むず痒くなるのと同時に、嫌な気持ちにもなる。歳だけ重ねて、学年は進んでいない。そして今日から私は高校生ですら無くなる。あの退学届は受理されるだろう。一緒に届けてはくれなかったが、母親の拇印とサインも押されている。学校からすれば厄介払いにもなって清々とするはずだ。進学校というわけでもなく、偏差値が高いわけでもない。ただ授業に出ていて、テストを受けて、行事に参加していれば一年から三年までベルトコンベアに乗った荷物のように運ばれ、卒業出来るような高校だ。

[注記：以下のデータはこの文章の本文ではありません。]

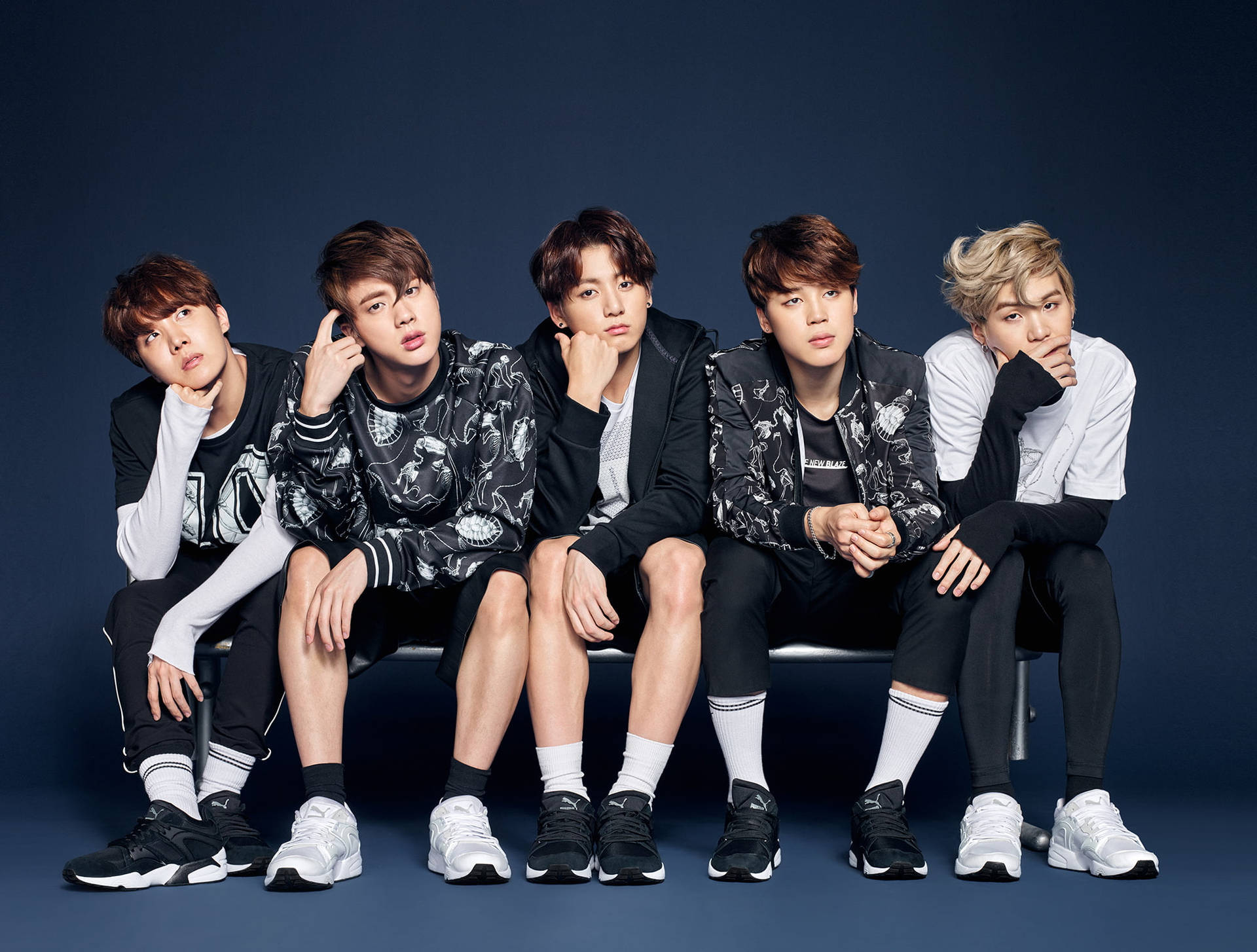 五位身穿時尚黑白服裝的年輕男士在攝影棚的長椅上擺姿勢。 — Jungkook 壁紙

私はそのベルトコンベアの上を何度も何度も往復した。落ちる直前に拾われ、最初から流され、途中で拾われ、最初から。最後には自分の意思で……、学費の問題を自分の意思と言っていいのか分からないが、結局決めたのは私。自分の意思でベルトコンベアから落ちて、もう二度と流されることはなくなった。
「帰りましょうよ。先輩」
「…………」
人懐こい笑顔、清らかな声、整っている顔立ち。
不良になんてならなくても、この学校では上手くやっていけるはずなのに、コイツはどうして不良寄りの行動をとっているのだろう。
「どうして」
その疑問を、ふと口にしてしまいそうになり、直ぐに口をつむぐ。コイツがどうして私に懐いて、どうして先輩と呼んで、どうして不良をしているのか、どうでも良い。

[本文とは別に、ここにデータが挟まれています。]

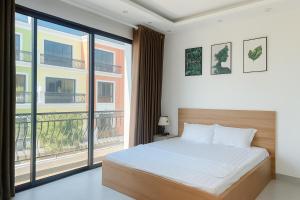 une chambre avec un lit et une grande fenêtre dans l'établissement Charm Homestay Hải Phòng - Tự Check-in 24h - Gần VinWonders Vũ Yên, à Binh Hai 17 autres photos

どちらにせよ、明日から『柊先輩』はこの学校にいないのだから。
「どうしたんですか?」
「いや、……帰るか」
「え」
いつもは断っている志原との下校を承諾する私に、志原が素っ頓狂な声をあげる。
「熱でもあります?」
「一人で帰る」
「う、嘘です。嘘ですって!」
志原の横をさっさと通り過ぎようとして、腕を掴まれる。ずきりと、今朝叩かれた箇所が痛んだ。声は出ない、痛みには慣れている。母親が壊れて、私がその捌け口になったあの日からずっと、ずっと。痛みを与えられ続けてきたから。
「……先輩、どうしたんですか」
「ん」
適当な返事を返して、志原が掴んできた手を振り払う。
「帰るんだろ。ほら」
「………………」
何か言いたそうにしながらも、志原は私の隣に立った。志原の家は遠く、私の家は近い。十数分、これが私と志原の最後の時間になる。
その一歩を踏み出す前に、志原との出会いがぼんやりと脳の奥、痛みや苦しみの記憶に埋め尽くされたゴミの山から大切な宝が顔を覗かせるように、浮き上がってきた。